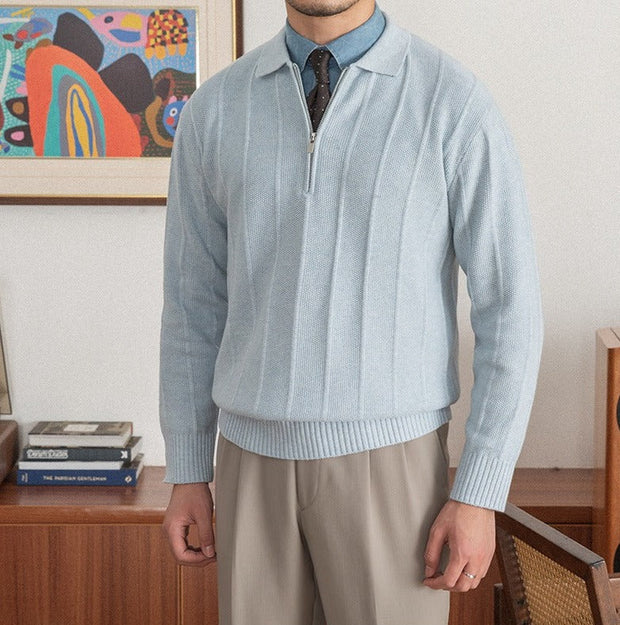 Pullover mit kurzem Reißverschluss und Faltenstruktur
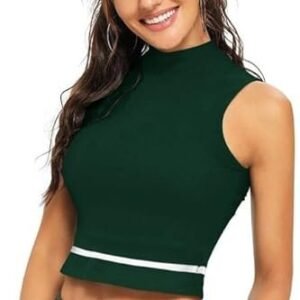 Women’s Sleeveless Slim Fit Crop/Tank Top High Neck Casual (BZF-Top-Tipsy)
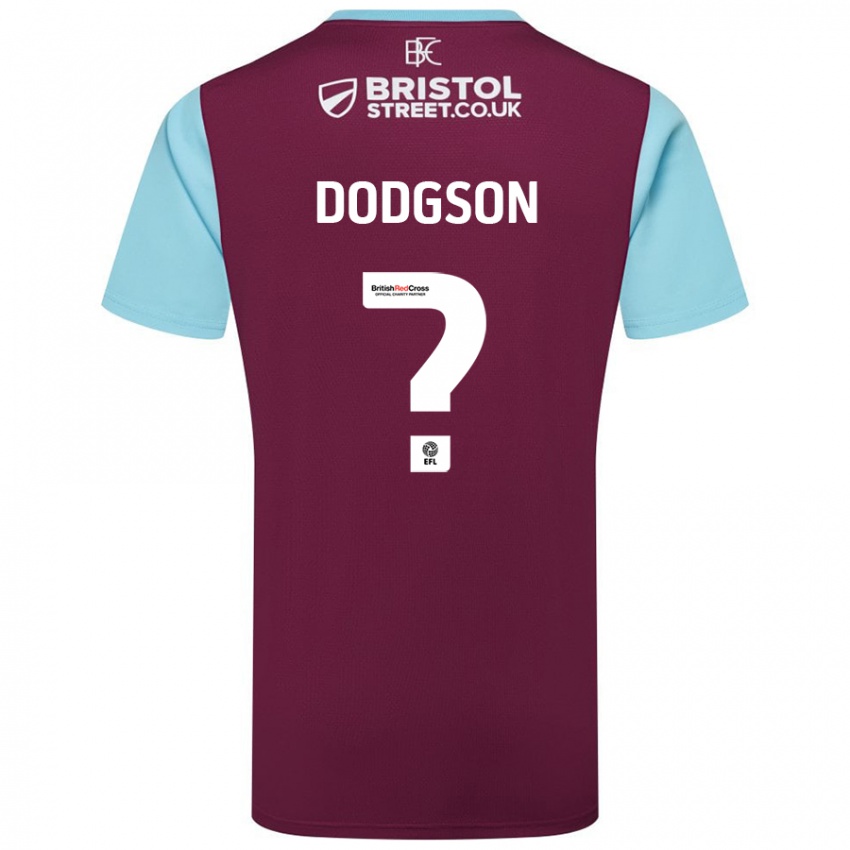 Børn Owen Dodgson #0 Burgund Himmelblå Hjemmebane Spillertrøjer 2024/25 Trøje T-Shirt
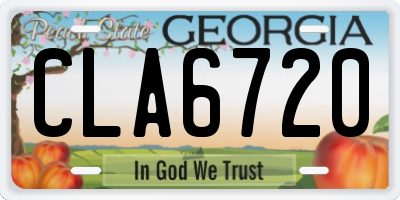 GA license plate CLA6720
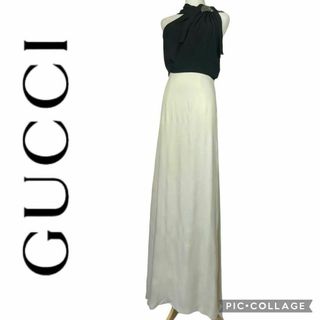 【訳アリ】Gucci★バイカラーロングドレス★シルク★ビジュー★サイズ38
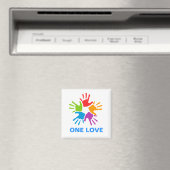 One Love Rainbow Hands Magnet (Insitu (Vaatwasser))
# # # #
WORK TO COMPLETE: If a record holds a picture, leave the picture out and transcribe everything else exactly.

ANSWER SPACE:
 Pullover mit kurzem Reißverschluss und Faltenstruktur
 Women’s Sleeveless Slim Fit Crop/Tank Top High Neck Casual (BZF-Top-Tipsy)
 Børn Owen Dodgson #0 Burgund Himmelblå Hjemmebane Spillertrøjer 2024/25 Trøje T-Shirt
 GA license plate CLA6720
 【訳アリ】Gucci★バイカラーロングドレス★シルク★ビジュー★サイズ38
 One Love Rainbow Hands Magnet (Insitu (Vaatwasser))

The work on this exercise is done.